Procede, portanto, à evidência, a crítica de Antonio Dimas: "Hansen confina à regra a quem, por demonstração farta, preferia o desregramento; submete uma voz dissonante a um cânone rígido; esvazia o individual em proveito do coletivo; dissolve no geral aquilo que queria ser particular; pluraliza o que é singular num contexto que era mais propício às hipérboles exaltadas de Rocha Pita do que à desconstrução viperina. (...) Minimiza o valor do talento individual na construção poética ao insistir numa espécie de subserviência —embora não seja esse o termo utilizado — do Poeta a códigos poéticos muito em voga então". ("Poesia e Controvérsia", em Ana Pizarro, org., "América Latina, Palavra, Literatura e Cultura", vol. 1, 1993).

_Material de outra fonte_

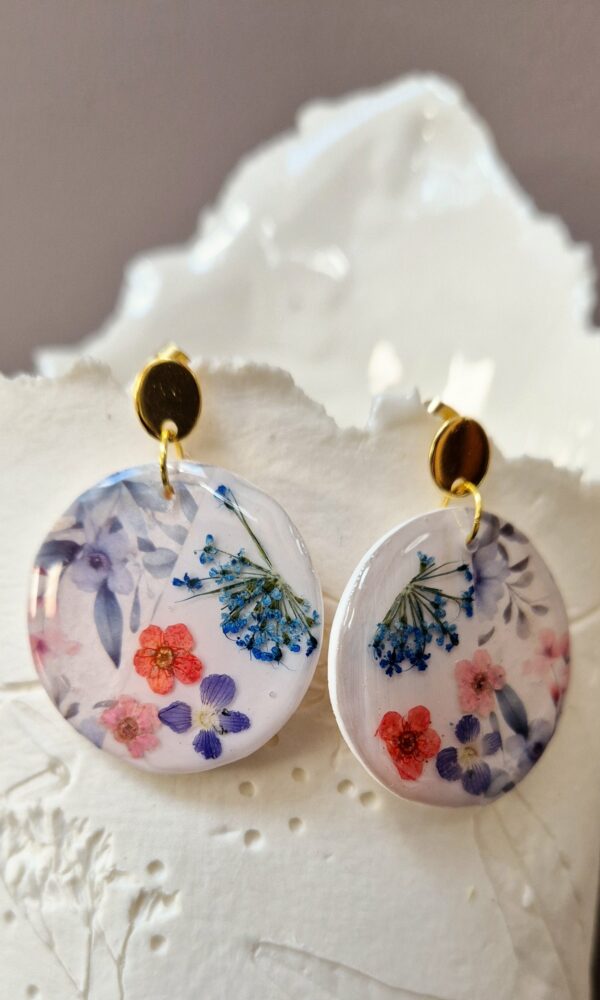 D25004.jpg Boucles en pâte polymère avec papier washi et fleurs pressées, résine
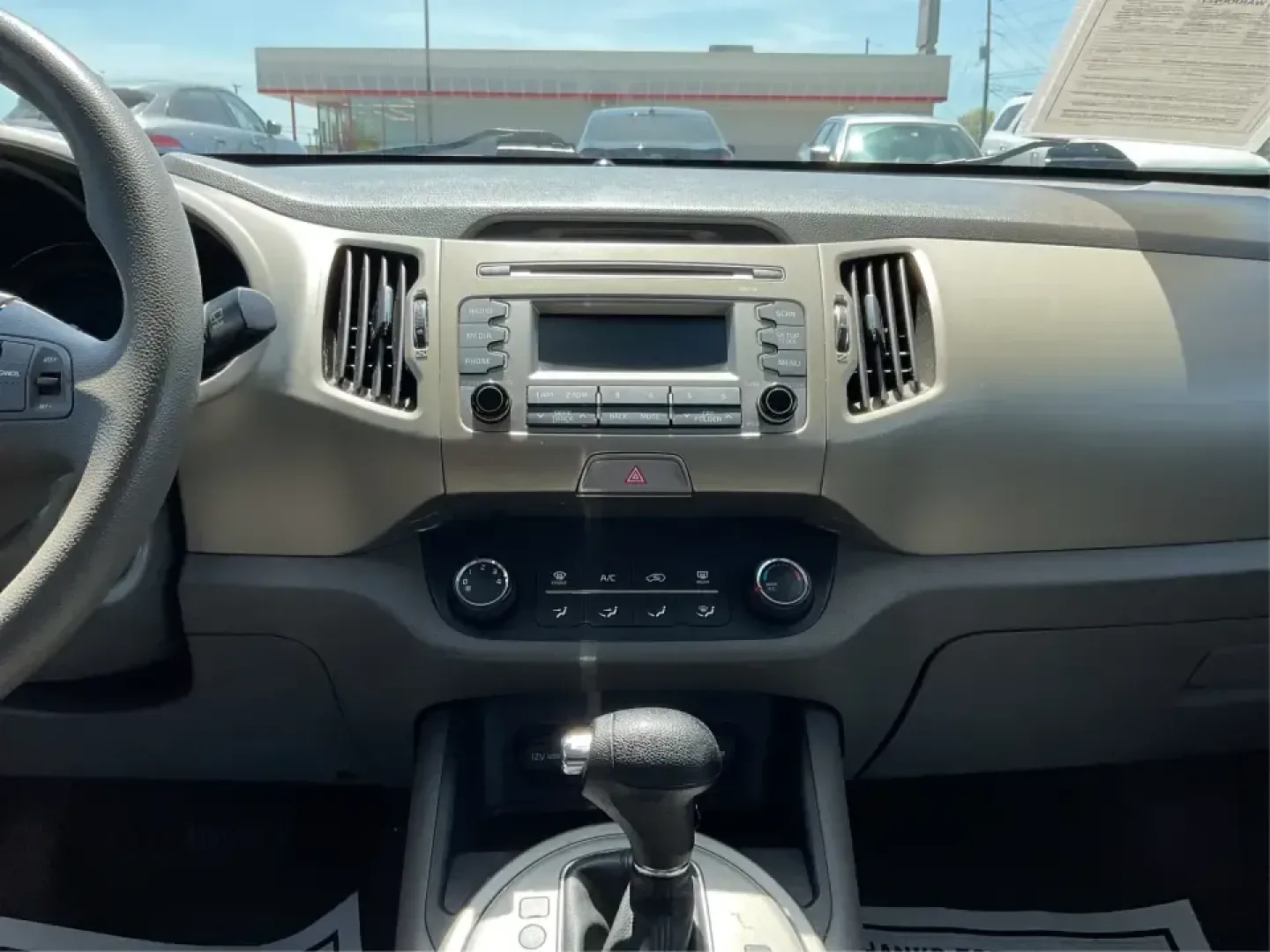 2015 Kia Sportage LX (KNDPBCAC7F7) with an 2.4L V6 DOHC 24V engine, 6-Speed Automatic transmission, located at 4508 South Dixie Dr, Moraine, OH, 45439, (937) 908-9800, 39.689976, -84.218452 - **Explore the Open Road with the 2015 Kia Sportage LX Perfect for Your Next Adventure!**<br /> <br /> Imagine hitting the open road with your loved ones, whether it's a weekend getaway or a daily commute. The 2015 Kia Sportage LX, available at Advantage Car and Credit in Fairborn, OH, is the ideal - Photo#13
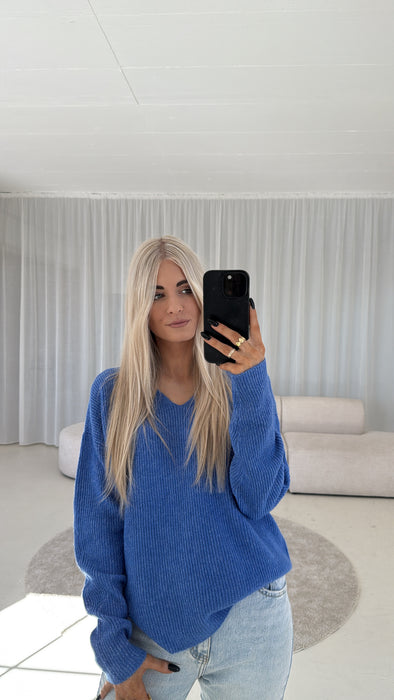 V- Pullover Royalblue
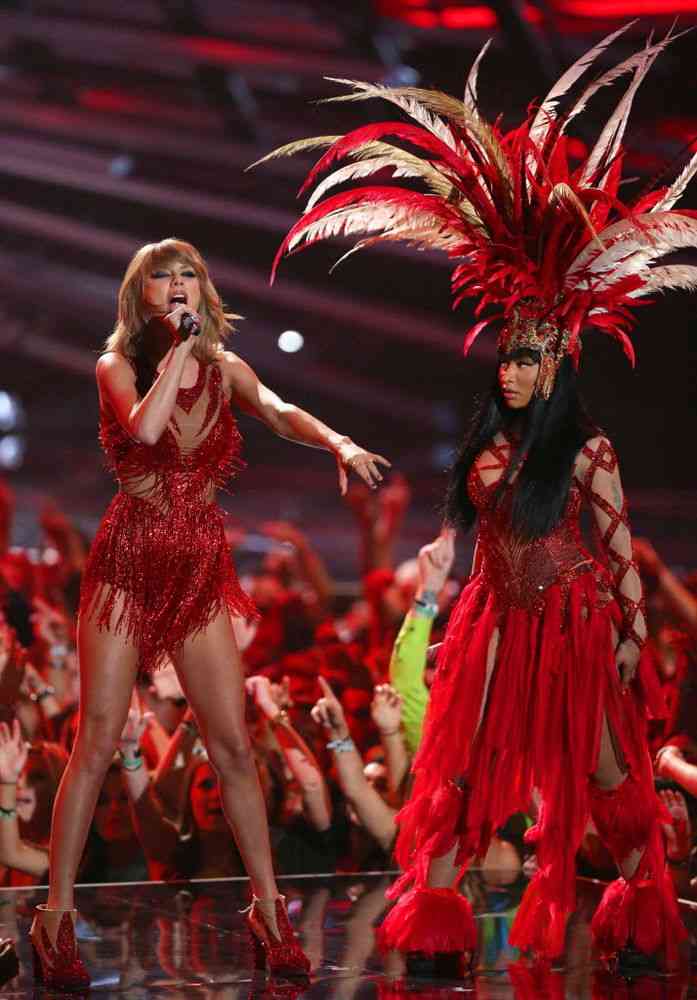 テイラー・スウィフト美くびれ見せ、マイリー・サイラス過激露出 セレブのSEXYドレススタイル【VMA2015】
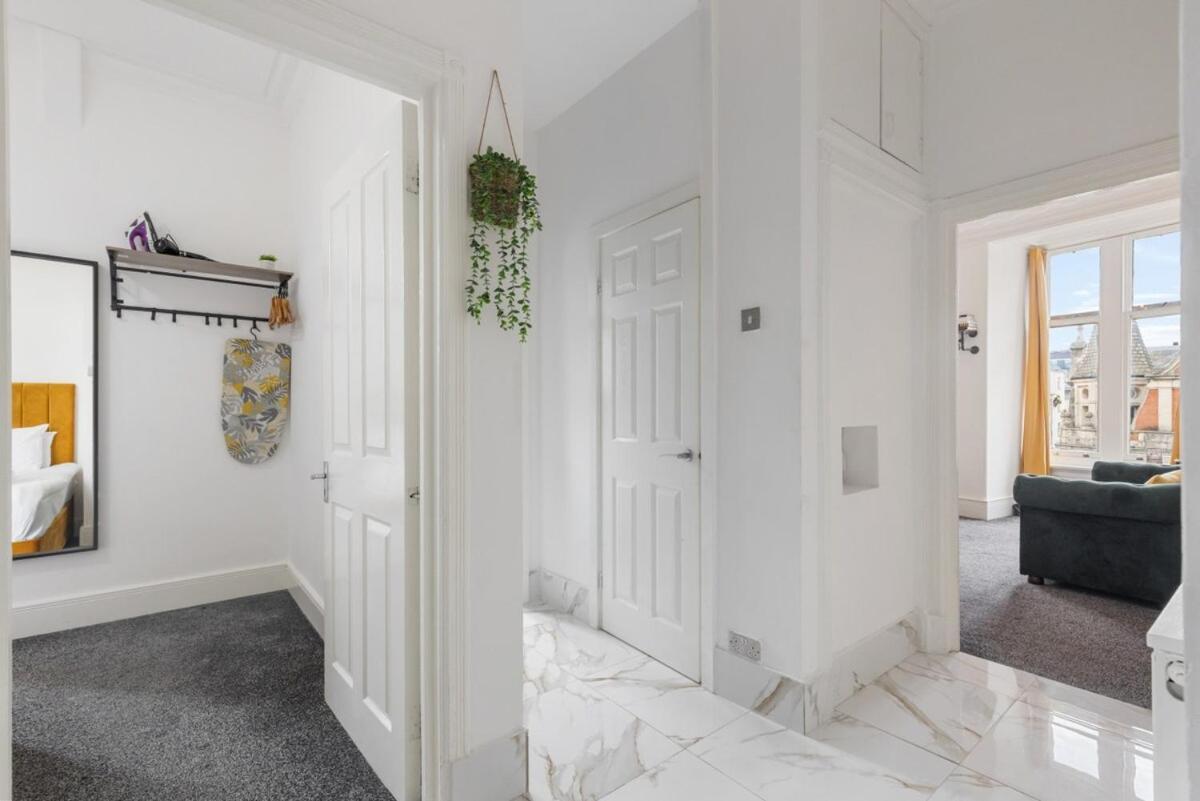 Luxury Two Bedroom In Oxford Street 10gs * London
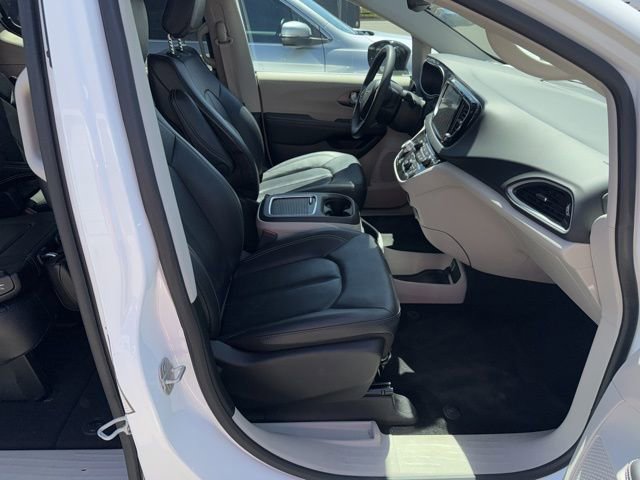 Used 2024 Chrysler Pacifica Touring-L image 8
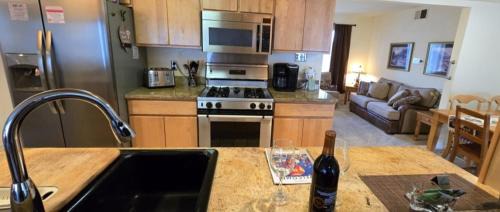 Taylor Ranch House | Hot Air Balloon Haven, King Bed, Office, Foosball, Basketball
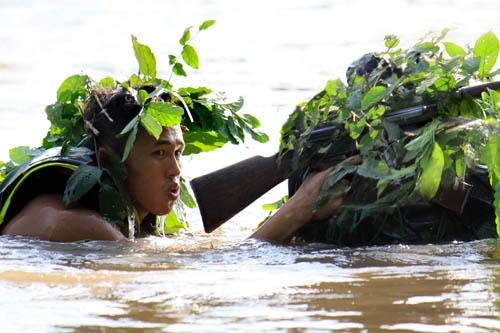 Ánh mắt từng chiến sĩ luôn dõi về phía trước
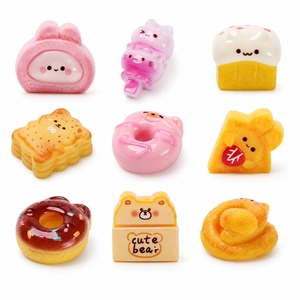 Breloques en résine miniatures assorties en gros, motifs 3D de pain et de pâtisserie de dessins animés pour la décoration de coques de téléphone DIY et la décoration de maisons de poupées - Product Image 1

Por outro lado, e quanto à suposta carência de novidade da poesia barroca, para medir o descabimento da restrição hanseniana, bastaria compulsar as obras do mais conceituado estudioso dos aspectos histórico-sociológicos da cultura da época, o espanhol José Antonio Maravall. Em "Antiguos y Modernos", Maravall reserva toda a primeira parte de seu livro ("La Estimación de lo Nuevo"; "Defensa y Exaltación de la Novedad", cap. 1; "Aspectos de la Preferencia por lo Nuevo", cap. 2), ao exame da incidência dominante desse tema na estética da Renascença e do Barroco. Salienta mesmo, quanto a esse último período: "Quando em fins do séc. 16, em todas as partes, e na Espanha mais gravemente do que em nenhuma outra, torna a fechar-se o horizonte intelectual da sociedade, mais uma vez a literatura e a arte permanecerão como os únicos campos em que se permite e exalta a obra original. E esse jogo dúplice, de livre permissão em tais esferas, e de hermetismo a seu redor, dará lugar às mais forçadas e extravagantes, estridentes manifestações de originalidade que, nem sempre produto do bom gosto, enchem nossa literatura barroca do séc. 17".
SÁTIRA E CARNAVALIZAÇÃO.
Daqui em diante, economizando muitos outros argumentos pertinentes, passarei diretamente ao enfoque de outra questão (na realidade, como se verá, constituída pela trama de duas arguições). A assertiva, em primeiro lugar, do caráter não-transgressor, não-inconformista, não-reformista, mas antes conservador da sátira gregoriana. A respeito, escreve Hansen em passagem de seu livro criticada por Dimas, passagem que indigita a assim dita leitura "anacrônica" dos textos do Boca do Inferno: "A sátira barroca produzida na Bahia não é oposição aos poderes constituídos, ainda que ataque membros particulares desses poderes, muito menos transgressão liberadora de interditos morais e sexuais. O receptor dos poemas geralmente os lê movido do interesse atual...".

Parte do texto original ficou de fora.